The viscera, heart, eyes, among others, have high loads of vitamins, to this we must add another factor to consider, that when we reduce the intake of carbohydrates increases the absorption of vitamins in our body, so we begin to need less vitamins than before. That said, if we include a little of these foods and some fruits in smaller quantities, we can easily satisfy the need for vitamins in our body. Minerals. Recommendations: Among the most important minerals for our organism are calcium, iron, phosphorus and magnesium. These fulfill cellular functions of extreme importance for our organs. That is why we must be careful not to exclude them from our diet. As in the case of vitamins, they can be obtained naturally by eating food or artificially through supplements.
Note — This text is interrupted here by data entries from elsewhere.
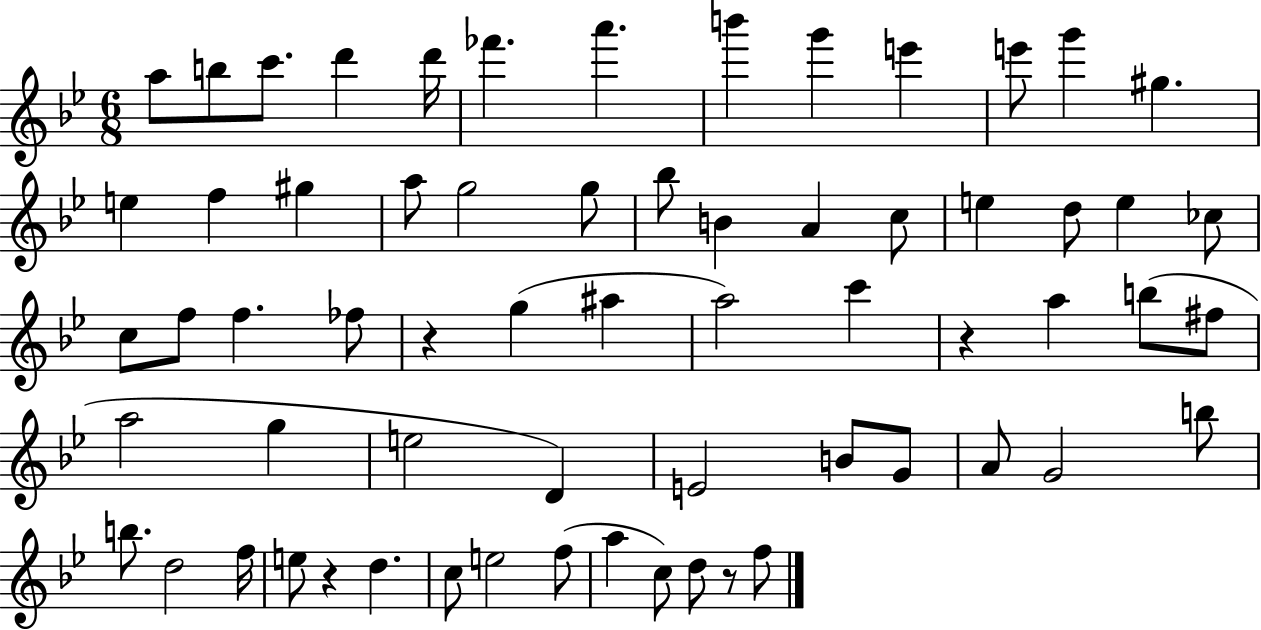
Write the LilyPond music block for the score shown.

{
  \clef treble
  \numericTimeSignature
  \time 6/8
  \key bes \major
  a''8 b''8 c'''8. d'''4 d'''16 | fes'''4. a'''4. | b'''4 g'''4 e'''4 | e'''8 g'''4 gis''4. | \break e''4 f''4 gis''4 | a''8 g''2 g''8 | bes''8 b'4 a'4 c''8 | e''4 d''8 e''4 ces''8 | \break c''8 f''8 f''4. fes''8 | r4 g''4( ais''4 | a''2) c'''4 | r4 a''4 b''8( fis''8 | \break a''2 g''4 | e''2 d'4) | e'2 b'8 g'8 | a'8 g'2 b''8 | \break b''8. d''2 f''16 | e''8 r4 d''4. | c''8 e''2 f''8( | a''4 c''8) d''8 r8 f''8 | \break \bar "|."
}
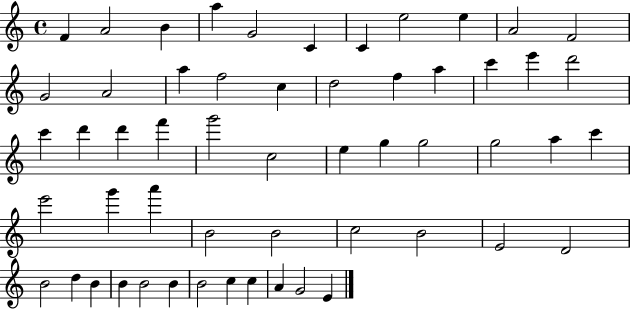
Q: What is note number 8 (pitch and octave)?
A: E5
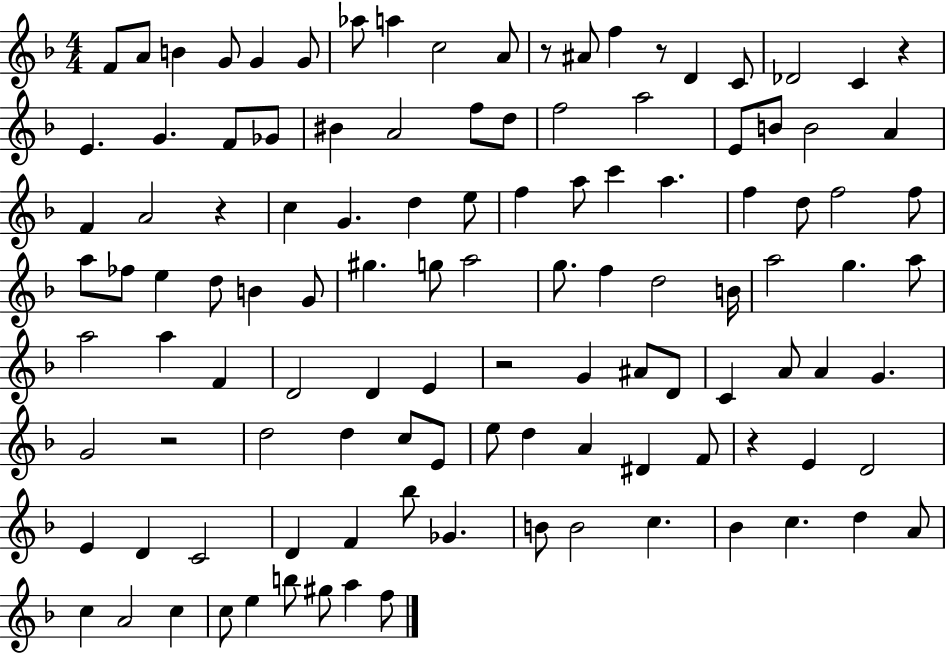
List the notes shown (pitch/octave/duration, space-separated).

F4/e A4/e B4/q G4/e G4/q G4/e Ab5/e A5/q C5/h A4/e R/e A#4/e F5/q R/e D4/q C4/e Db4/h C4/q R/q E4/q. G4/q. F4/e Gb4/e BIS4/q A4/h F5/e D5/e F5/h A5/h E4/e B4/e B4/h A4/q F4/q A4/h R/q C5/q G4/q. D5/q E5/e F5/q A5/e C6/q A5/q. F5/q D5/e F5/h F5/e A5/e FES5/e E5/q D5/e B4/q G4/e G#5/q. G5/e A5/h G5/e. F5/q D5/h B4/s A5/h G5/q. A5/e A5/h A5/q F4/q D4/h D4/q E4/q R/h G4/q A#4/e D4/e C4/q A4/e A4/q G4/q. G4/h R/h D5/h D5/q C5/e E4/e E5/e D5/q A4/q D#4/q F4/e R/q E4/q D4/h E4/q D4/q C4/h D4/q F4/q Bb5/e Gb4/q. B4/e B4/h C5/q. Bb4/q C5/q. D5/q A4/e C5/q A4/h C5/q C5/e E5/q B5/e G#5/e A5/q F5/e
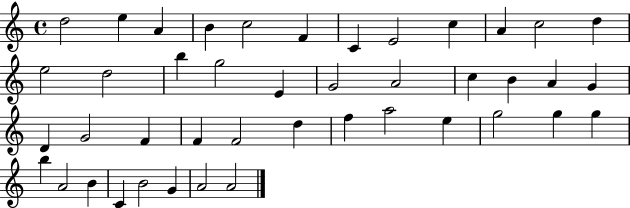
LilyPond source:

{
  \clef treble
  \time 4/4
  \defaultTimeSignature
  \key c \major
  d''2 e''4 a'4 | b'4 c''2 f'4 | c'4 e'2 c''4 | a'4 c''2 d''4 | \break e''2 d''2 | b''4 g''2 e'4 | g'2 a'2 | c''4 b'4 a'4 g'4 | \break d'4 g'2 f'4 | f'4 f'2 d''4 | f''4 a''2 e''4 | g''2 g''4 g''4 | \break b''4 a'2 b'4 | c'4 b'2 g'4 | a'2 a'2 | \bar "|."
}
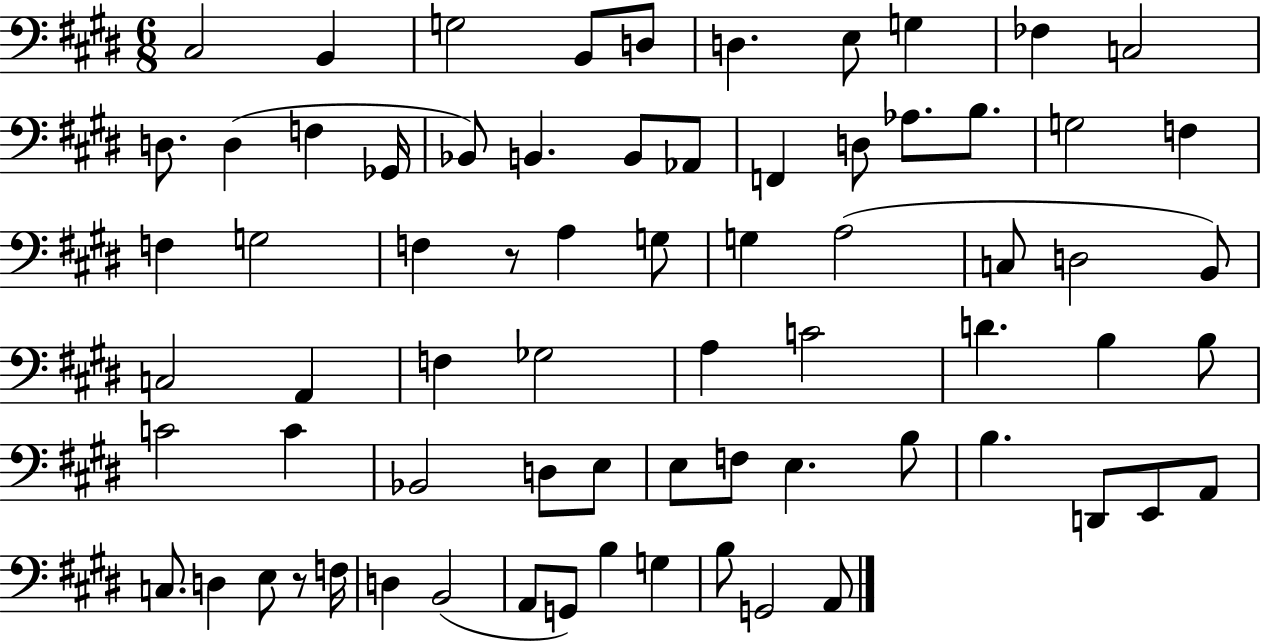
X:1
T:Untitled
M:6/8
L:1/4
K:E
^C,2 B,, G,2 B,,/2 D,/2 D, E,/2 G, _F, C,2 D,/2 D, F, _G,,/4 _B,,/2 B,, B,,/2 _A,,/2 F,, D,/2 _A,/2 B,/2 G,2 F, F, G,2 F, z/2 A, G,/2 G, A,2 C,/2 D,2 B,,/2 C,2 A,, F, _G,2 A, C2 D B, B,/2 C2 C _B,,2 D,/2 E,/2 E,/2 F,/2 E, B,/2 B, D,,/2 E,,/2 A,,/2 C,/2 D, E,/2 z/2 F,/4 D, B,,2 A,,/2 G,,/2 B, G, B,/2 G,,2 A,,/2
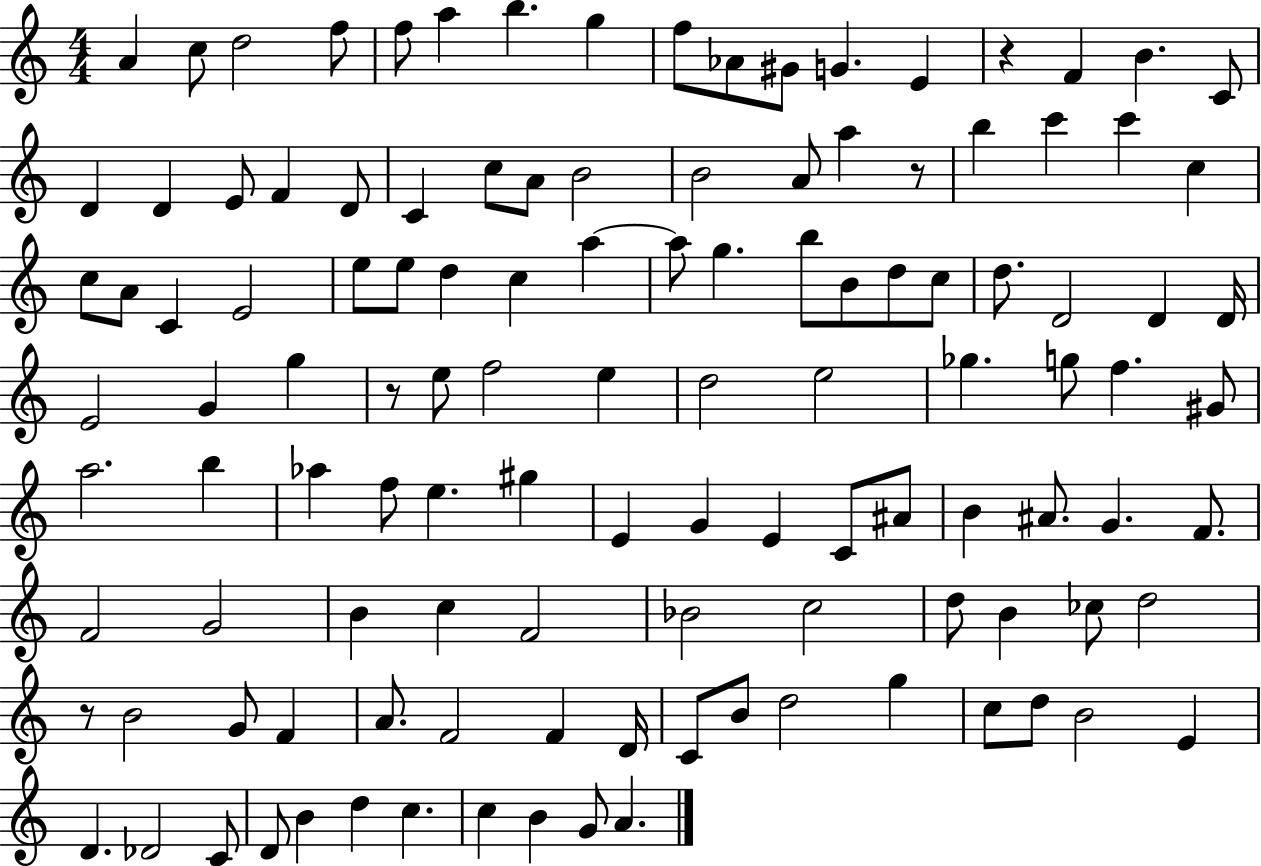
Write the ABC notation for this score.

X:1
T:Untitled
M:4/4
L:1/4
K:C
A c/2 d2 f/2 f/2 a b g f/2 _A/2 ^G/2 G E z F B C/2 D D E/2 F D/2 C c/2 A/2 B2 B2 A/2 a z/2 b c' c' c c/2 A/2 C E2 e/2 e/2 d c a a/2 g b/2 B/2 d/2 c/2 d/2 D2 D D/4 E2 G g z/2 e/2 f2 e d2 e2 _g g/2 f ^G/2 a2 b _a f/2 e ^g E G E C/2 ^A/2 B ^A/2 G F/2 F2 G2 B c F2 _B2 c2 d/2 B _c/2 d2 z/2 B2 G/2 F A/2 F2 F D/4 C/2 B/2 d2 g c/2 d/2 B2 E D _D2 C/2 D/2 B d c c B G/2 A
Once again we follow the logic that we apply to vitamins. If we have an endomorph body, our eating style dictates that we should eat a diet low in carbohydrates and high in protein. In order to combine the increase in protein with the satisfaction of the minerals demanded by our body, we turn to the intake of animal foods such as bone marrows which are rich in calcium and other minerals, and the intake of animal organs.
This can be linked to a varied diet through the consumption of fresh vegetables, which are rich in various minerals such as potassium, calcium, sodium and magnesium. Trace elements. Recommendations: Trace elements are the least known within this group of micronutrient classifications. Nevertheless, they have an irreplaceable value for the construction of tissues and the hormonal activity of the organism. Although only some of the trace elements are essential for the body, their absence can lead to numerous diseases in the body.
These substances must be supplied constantly, because our body has little capacity to store them. Among the fundamental trace elements for the organism we find iron, iodine, chromium, copper, zinc, selenium and fluorine.
All of the above mentioned can be acquired through the ingestion of foods of animal origin. For example, iodine can be found in seafood such as shellfish. Chromium can be found in foods such as meat, fruit, vegetables and cereals, so we will prioritize obtaining it from meat, fruit and vegetables. Zinc is abundant in meats, milk and fish, so we will not need to resort to carbohydrates to obtain any of the above mentioned.